__Provided data__:
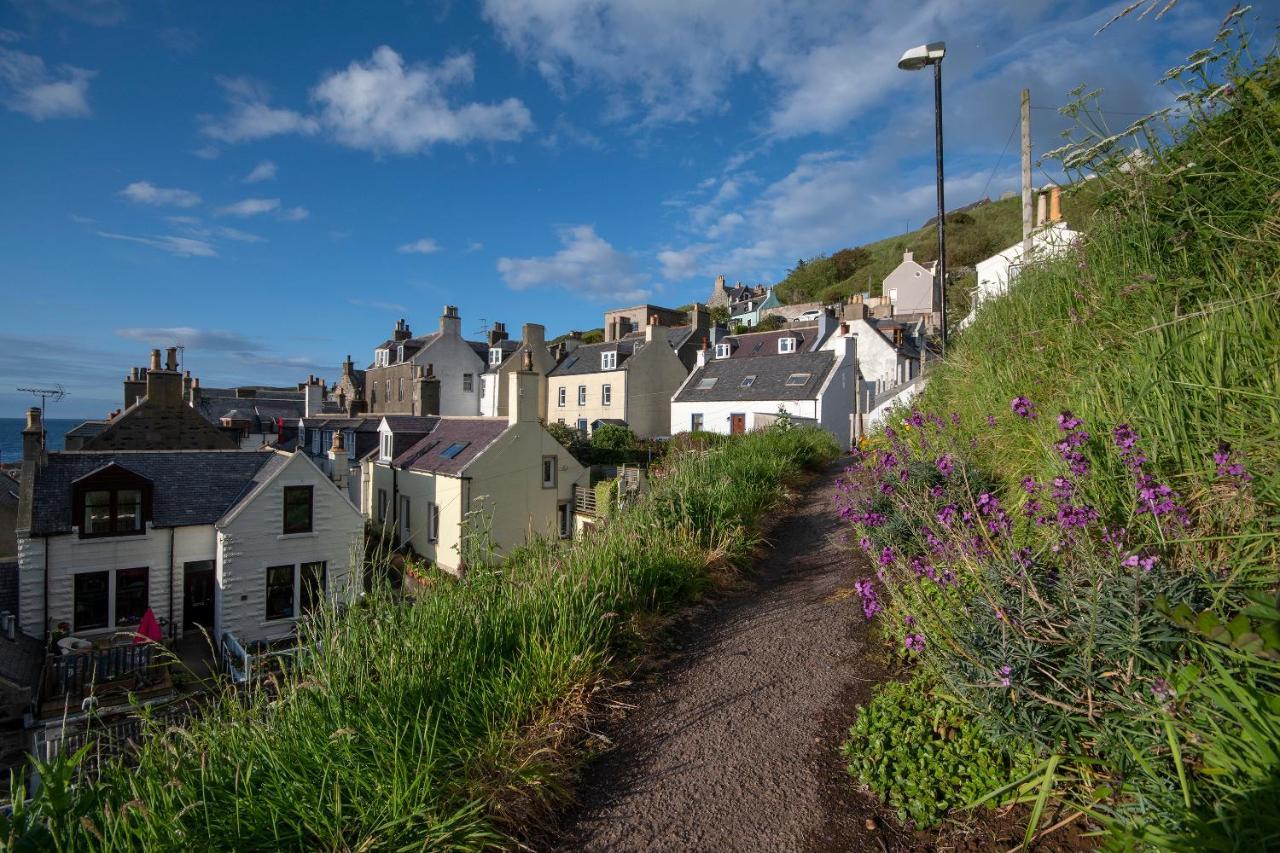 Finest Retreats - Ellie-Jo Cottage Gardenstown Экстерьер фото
---
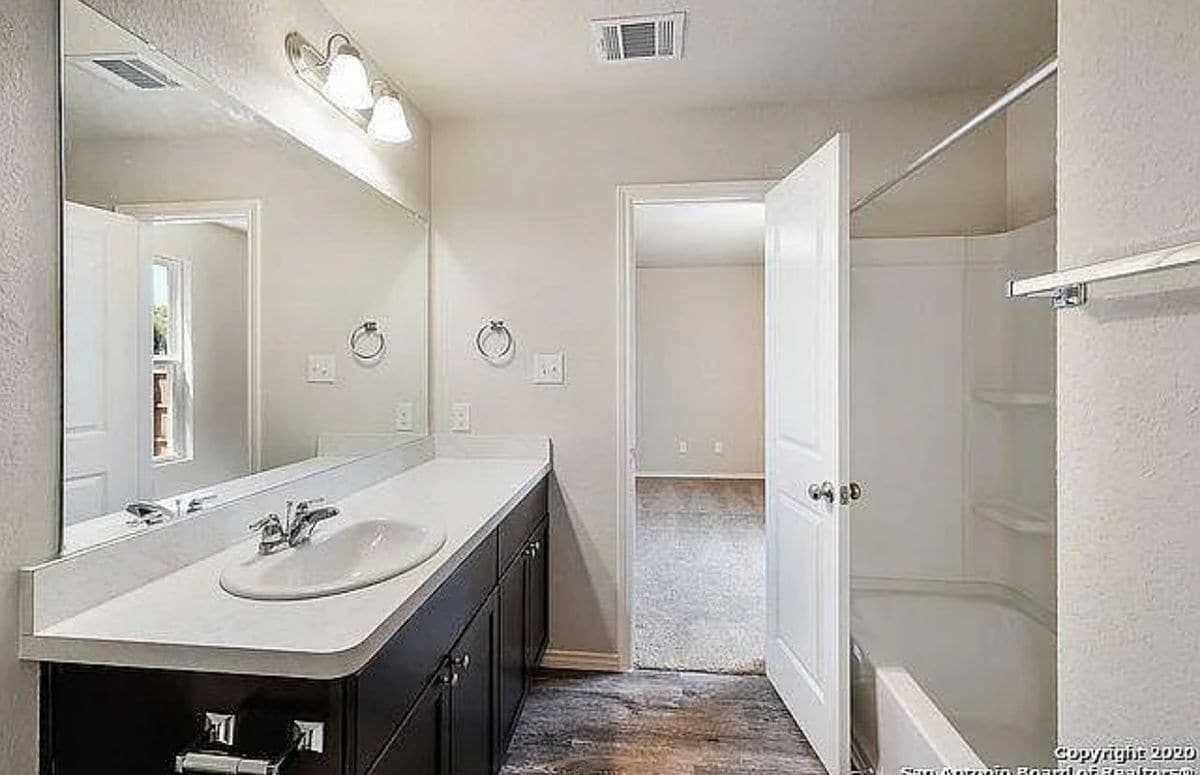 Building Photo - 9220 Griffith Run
---
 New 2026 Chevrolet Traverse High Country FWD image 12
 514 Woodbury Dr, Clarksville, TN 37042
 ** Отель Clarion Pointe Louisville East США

__Exercise__: From the records above, extract exactly and only the lines that begin at the line with "514 Woodbury Dr, Clarksville, TN 37042" and stop after the line with "Louisville East США".

__Answer box__:
 514 Woodbury Dr, Clarksville, TN 37042
 ** Отель Clarion Pointe Louisville East США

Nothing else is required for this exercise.